Sunday, November 12

Chunky Applesauce

I love chunky applesauce and fondly remember nearly always having it with pork chops when I was young.
Chunky Applesauce makes a great side dish, garnish or is just yummy with a pork roast.
But these days, nearly all the commercially produced applesauce is made with high fructose corn syrup so I rarely get to enjoy it.

While spending a girl day with my daughter Alexis and Daughter-in-law Jennica, we found a small family owned farm market selling various types of apples.  The family has dozens of apple trees and sell the apples in baskets and buckets using the honor system. 

We bought a lot of apples with the intent to make our own Homemade Chunky Applesauce and also jam and oh my gosh I'm in love.  
This will now be on my list to make every fall when apples are in season!
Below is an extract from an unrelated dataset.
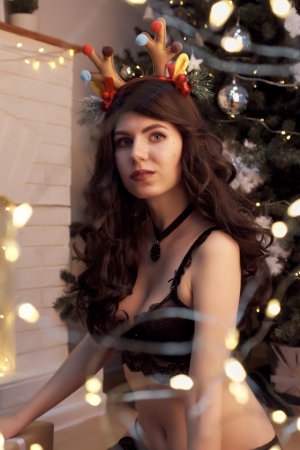 Ahsas Said Photo #33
Uses for Chunky Applesauce:
  • On toast or biscuit
  • Topping for Cheesecake
  • For quick apple crisp
  • Mix in oatmeal or yogurt
  • Over ice cream
  • As a natural dessert for kids
  • As a side dish
  • Use as a garnish for pork or chicken
  • Use in apple danishes or other desserts
  • Give as gifts

Farm fresh organic apples


I used three or four different recipes from cookbooks I have and other recipes found on the internet and came up with a version of my own. I used the newest Ball Blue Book for the recommended canning method.

Tips:

If you're using mostly sweet apples you can cut back on the sugar.
The Vanilla adds an extra wonderful nuance to the recipe
We "heart" apples
The butter is to help stop the mixture from foaming
You can increase or decrease the cinnamon to desired taste
Make sure to use a good quality all natural apple juice for the best flavor
I gave "dozen" as the measurement for apples, ours were organic small to medium apples
1 pound of apples is approximately 4 small apples


Homemade Chunky Applesauce

About 4 to 5 dozen various apples
1 cup all natural apple juice (I use Mott's)
2 tablespoons lemon juice
2 cups brown sugar
1 cup white sugar 
1 1/2 tablespoons cinnamon
1/2 teaspoon butter flavoring (optional)
1 teaspoon vanilla
1 tablespoon real butter (to keep it from foaming)


Peel apples


Wash, peel and core the apples.  Cut each apple into 8 slices.
Combine all ingredient in a large stock pot, stirring gently and mixing well. 
Cook over medium heat bringing mixture to a low boil. 
A low boil is when a small bubble or two will pop up to the surface every second or two.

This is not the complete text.